■ **Problem description**
Output exactly, and only, the lines below from the one with "I Kärlek Canada" down to the one with "Rascador de Sisal". Include both end lines and no pictures.
─── Working data
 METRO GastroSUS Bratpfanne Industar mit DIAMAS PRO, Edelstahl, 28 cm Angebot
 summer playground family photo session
──────
─── Working data
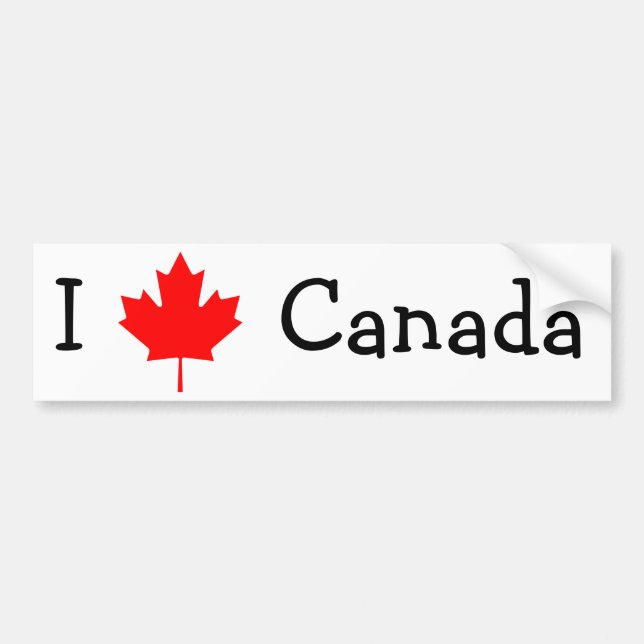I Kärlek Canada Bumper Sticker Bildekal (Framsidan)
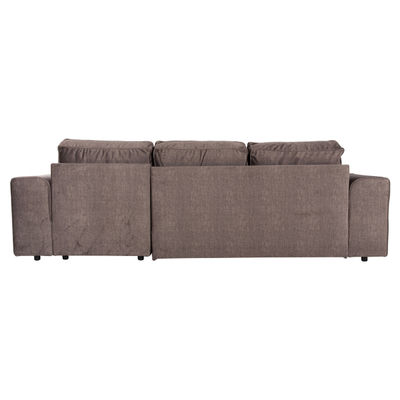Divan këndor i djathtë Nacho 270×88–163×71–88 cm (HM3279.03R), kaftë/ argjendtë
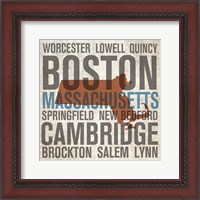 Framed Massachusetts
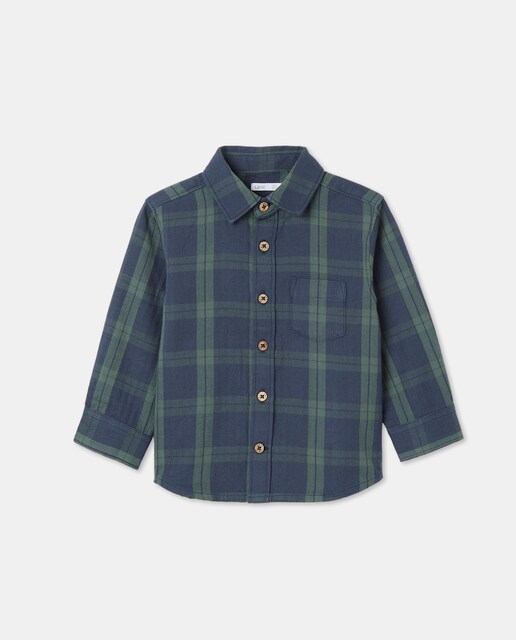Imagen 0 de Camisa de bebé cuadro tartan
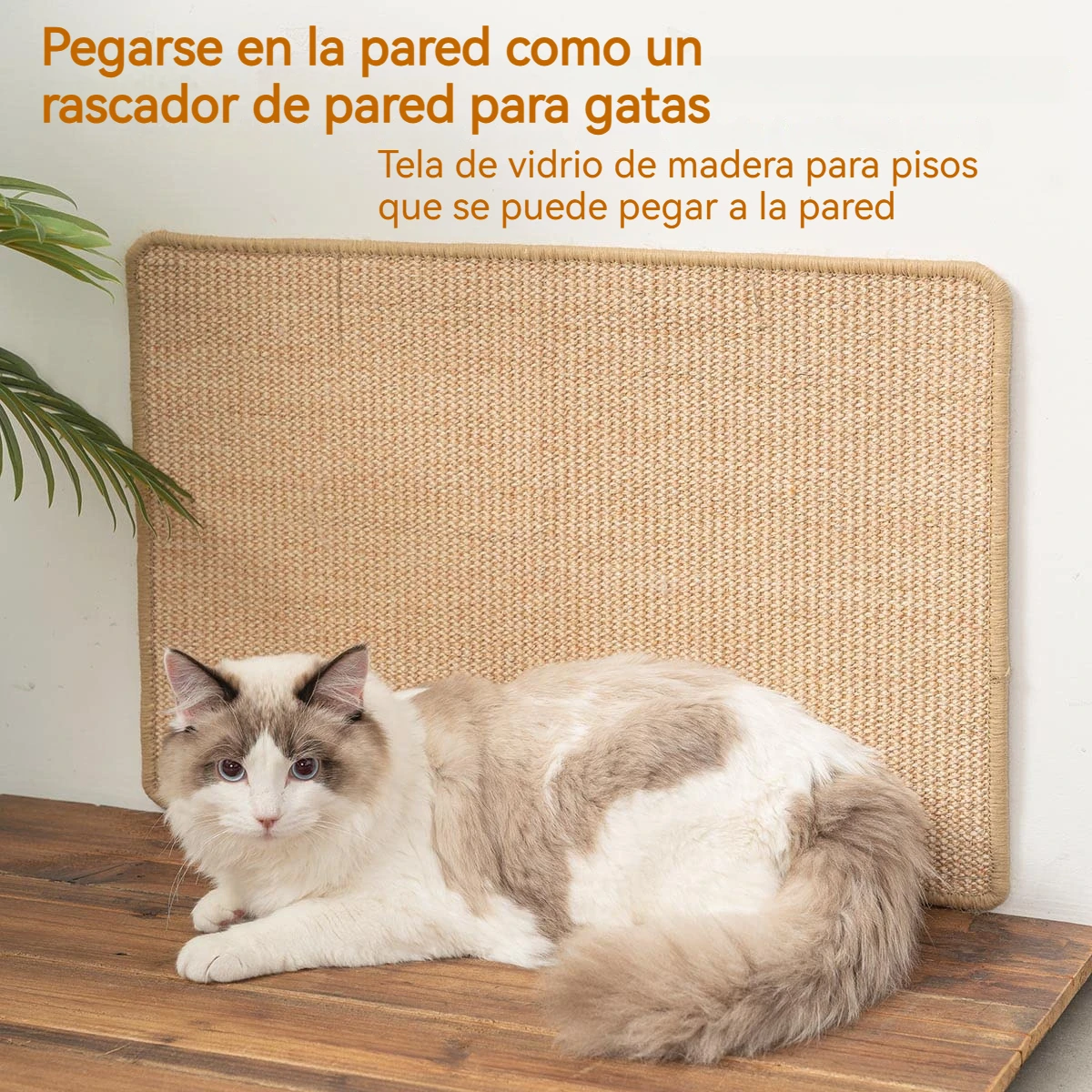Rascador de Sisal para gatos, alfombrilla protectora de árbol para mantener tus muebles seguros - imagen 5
──────
■ **Result**
I Kärlek Canada Bumper Sticker Bildekal (Framsidan)
Divan këndor i djathtë Nacho 270×88–163×71–88 cm (HM3279.03R), kaftë/ argjendtë
 Framed Massachusetts
Imagen 0 de Camisa de bebé cuadro tartan
Rascador de Sisal para gatos, alfombrilla protectora de árbol para mantener tus muebles seguros - imagen 5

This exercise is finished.